Now you really lost me. Is "target node" a defined term? Even if I take a guess at what that means, I am at a loss to interpret "tokens beyond the target node" Clearly there are privacy issues around any claims in any message. Generally it is assumed that any such information can be intercepted by a 3rd party unless it is encrypted.

I can see that grouping tokens so as to convey that they refer to to the same system entity raises privacy issues over and above the mere inclusion of these tokens. That is why:

1. I was careful not to suggest that the failure to group tokens implied that they represented distinc entities. In other words, you don't have to group them if you don't want to.
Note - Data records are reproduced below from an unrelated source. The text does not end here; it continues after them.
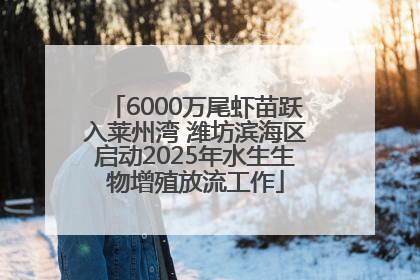 6000万尾虾苗跃入莱州湾 潍坊滨海区启动2025年水生生物增殖放流工作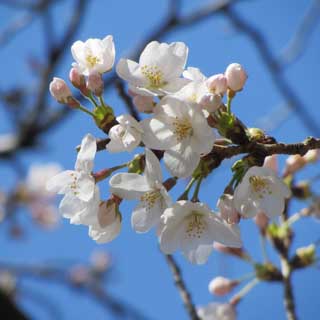 観察対象と同じ木の別の枝、ちょっと残ってるけど、明日全部咲きますなヽ(^.^;)丿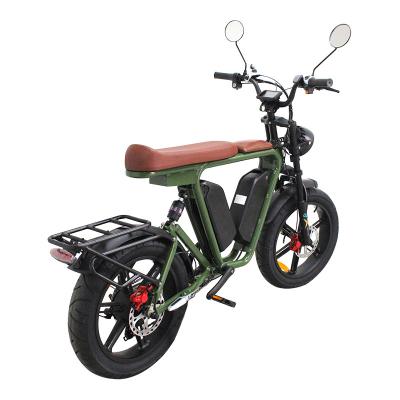 China Ebike 48v 1000w Motor Long Range Aluminum Alloy Dual Batteries 22ah*2 Electric Dirt Bike High Speed ​​Fat Tire Electric Bicycle for sale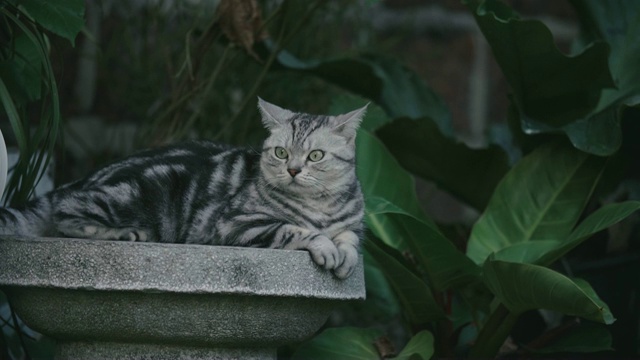 猫在后院四处张望。视频素材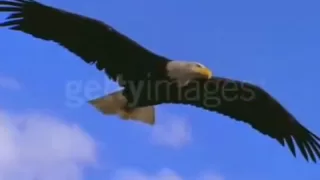 A águia em seu voo para vitória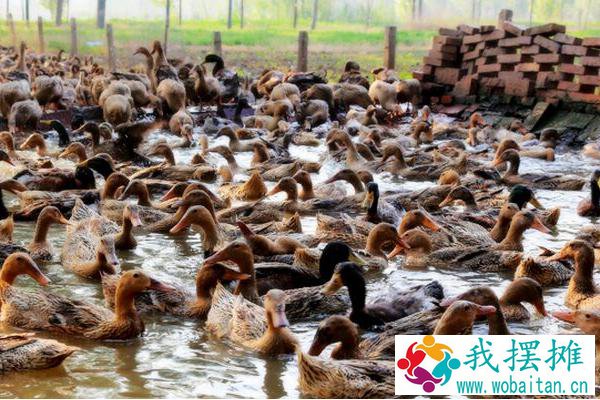 养鸭成本核算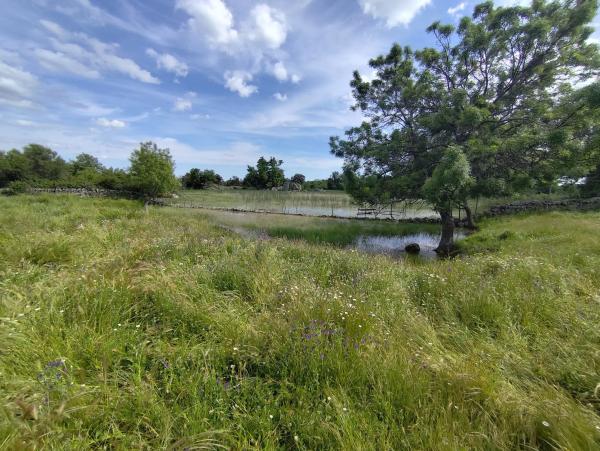 Terreno en Pinosol - El Alcor - Peralejo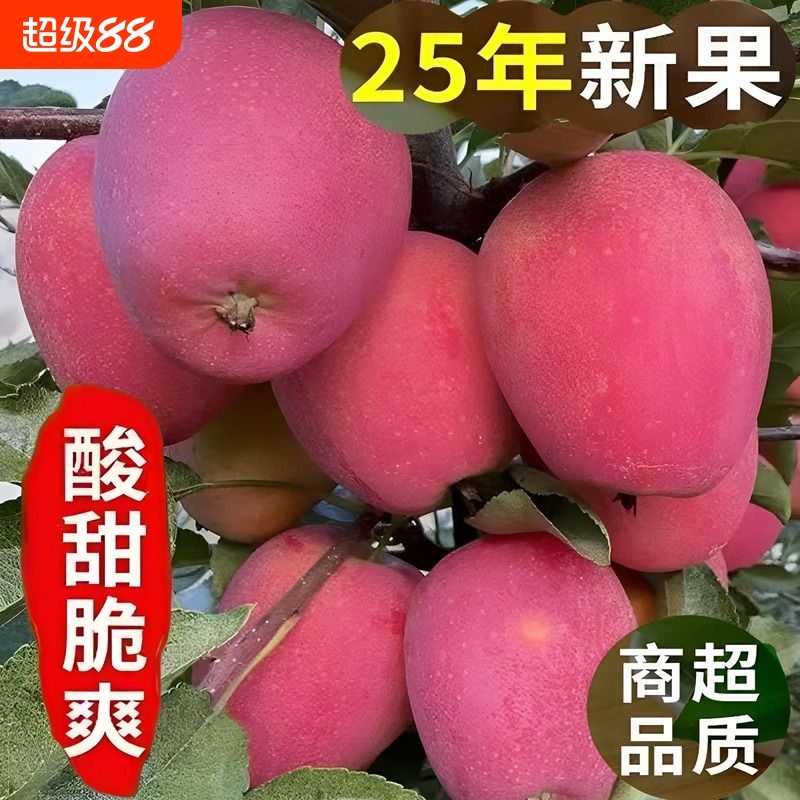 正宗东北鸡心果沙果海棠果小苹果糖心鸡心果当季孕妇水果酸甜大果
2. I have been trying to ecourage debate about how much semantics we need to specify in this standard, or how little we can get away with.

[...]

> W.r.t. abstract token construct carrying a Purpose attribute,
> currently all
> token elements defined
> in the Draft 1 of of the Web Services Core specification have an
> extensibility mechanism already
> available to allow the carrying of additional attributes,

Except that the XML tokens are "just inserted" so extending them requires extending (if possible) other schemas outside of wsse: Furthermore in the case of XML tokens, they will typically come already signed by some authority. In my proposal, the Purpose would fall outside of this signature (although within a message signature) because the same entity might take on different Purposes with respect to different messages, while being represented by the same token, e.g. a SAML assertion containing an Attribute Statement.